L'histoire :
Misery loves Comedy est un recueil de publications antérieures, rassemblant les trois premiers volumes de la série Schizo ainsi que des travaux divers réalisés de 1992 à 2003. Tout commence par une introduction rédigée par Karen M. Schneider, psychothérapeute de l’auteur. C’est une invitation à la clémence envers le travail de l’auteur, celui-ci présentant des troubles de la personnalité (serait-il Schizo ?). On y croise ensuite des monologues médisants sur le sens de l’existence, un père alcoolique et violent, un fœtus-avorton qui se la pète, stumpy l’adorable poly-amputé, Denis La Malice et son père présentés dans d’étranges positions, les états d’âmes de sa femme Valérie ou encore des correspondances entre Ivan Brunetti et ses amis dessinateurs R. Crumb et Daniel Clowes…

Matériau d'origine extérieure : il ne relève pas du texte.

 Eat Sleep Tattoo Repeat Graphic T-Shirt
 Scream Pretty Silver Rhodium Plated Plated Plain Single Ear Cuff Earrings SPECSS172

Ce qu'on en pense sur la planète BD :
Ivan Brunetti, à l’image des auteurs Daniel Clowes ou Chris Ware, fait partie de cette brillante génération d’auteurs indépendants américains des années 90. Soyons clairs, soit vous saluerez le chef-d’œuvre soit vous détesterez, tant les scènes présentées vont à rebours des habitudes les plus enracinées. Par ses dessins trash et violents (dont le trait s’inspire de Peanuts, Charles Schulz), ses tirades résolument empreintes de mal de vivre, Ivan Brunetti dérange, choque, scandalise mais ne laisse pas indifférent. Il y développe de manière obsessionnelle des thématiques métaphysiques et philosophiques tels que la haine de soi et du genre humain, le désespoir, l’absurdité de l’existence, la bêtise des hommes et leur propension à vivre dans le mensonge. Il y dénonce aussi les contrats sociaux que sont le mariage et la famille, en insistant sur leur caractère illusoire au regard du bonheur recherché. Il y nourrit par ailleurs des fantasmes d’autodestruction et de suicide collectif. Un programme ô combien désespérant et nihiliste, mais où le lecteur a la furieuse impression de nager dans le réel. Ce recueil s’impose comme un monument de la BD indépendante américaine par son absence de compromis, son humour dévastateur et finalement, son sens aigu de la réflexion. Chris Ware, auteur du chef d’œuvre Jimmy Corrigan dit de lui « qu’il demeure le secret le mieux gardé de la bande dessinée américaine ». Respect.